Has anybody been able to make Spark-Hive integration using Hive Warehouse Connector work in Zeppelin with impersonation in a Kerberized cluster?
I have followed the steps in this article
and Spark works with the HWC using spark-shell or pyspark from the console, but Spark in Zeppelin will not work when using impersonation with the given instructions, neither with %spark2 or %livy2 interpreters.
In the case of %spark2 interpreters it works ONLY if I disable impersonation and explicitly configure the Zeppelin's kerberos principal in the interpreter via the "spark.yarn.principal/keytab" properties. But in this case all the jobs are run as "zeppelin" user, but this is not an option for me in a multiuser environment.
If I don't use HWC Spark is working perfectly with user impersonation in both interpreters.

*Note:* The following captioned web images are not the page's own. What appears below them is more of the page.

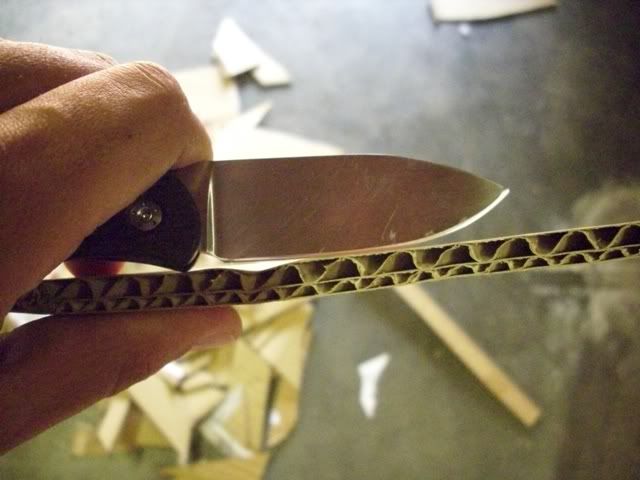Cardboardcutting16.jpg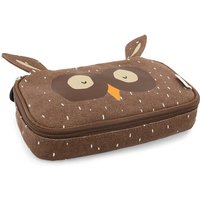 Trixie Etui Mr. Owl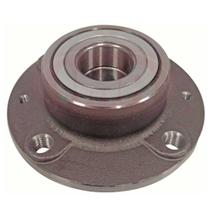 Cubo Roda Traseira Com Rolamento Berlingo 1996 1998 Bx 93 95 Picasso 01 08 Xantia 95 02 Xsara 99 05 Cubo Roda Traseira Com Rolamento Berlingo 1996 1998 Bx 93 95 Picasso 01 08 Xantia 95 02 Xsara 99 05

But with the %livy interpreter or when I enable impersonation in the %spark2 interpreter I get an error related to the spark not being able to create an SQL connection pool because of Kerberos GSS initialization failed:
java.lang.RuntimeException: java.sql.SQLException: Cannot create PoolableConnectionFactory (Could not open client transport for any of the Server URI's in ZooKeeper: GSS initiate failed)...Caused by: java.sql.SQLException: Could not open client transport for any of the Server URI's in ZooKeeper: GSS initiate failed at shadehive.org.apache.hive.jdbc.HiveConnection.<init>(HiveConnection.java:333) <br>... 59 more Caused by: org.apache.thrift.transport.TTransportException: GSS initiate failed at org.apache.thrift.transport.TSaslTransport.sendAndThrowMessage(TSaslTransport.java:232)
I have tried all the workarounds, checked the proxyusers configuration for both the zeppelin and livy principal in Hadoop/HDFS core-site, and also defined both users as Livy superusers but the problem persist.
I suspect maybe it's not posible to use Spark/Hive integration with user impersonation in the case of the %spark2 interpreter. But this has to be possible at least with the %livy interpeter.
Does anyone has an idea of or some suggestion on which extra configurations need to be done in order to make HWC work inside Zeppelin??
Thanks in advance.
- Noticeably, this issue means a fundamental gap when it comes to leveraging Ranger authorization from Zeppelin.
- Impersonation is a must as individual developers and end users do require to use Zeppelin.
We have tested disabling user impersontation in Livy interpreter and HWC also works in this case. So the problem seems to be we are not able to use HWC with Spark from Zeppeling and using impersonation at the same time.
This seem a HUGE drawback for using Zeppelin with HDP 3.x in a secured multi user environment with policy based access restrictions.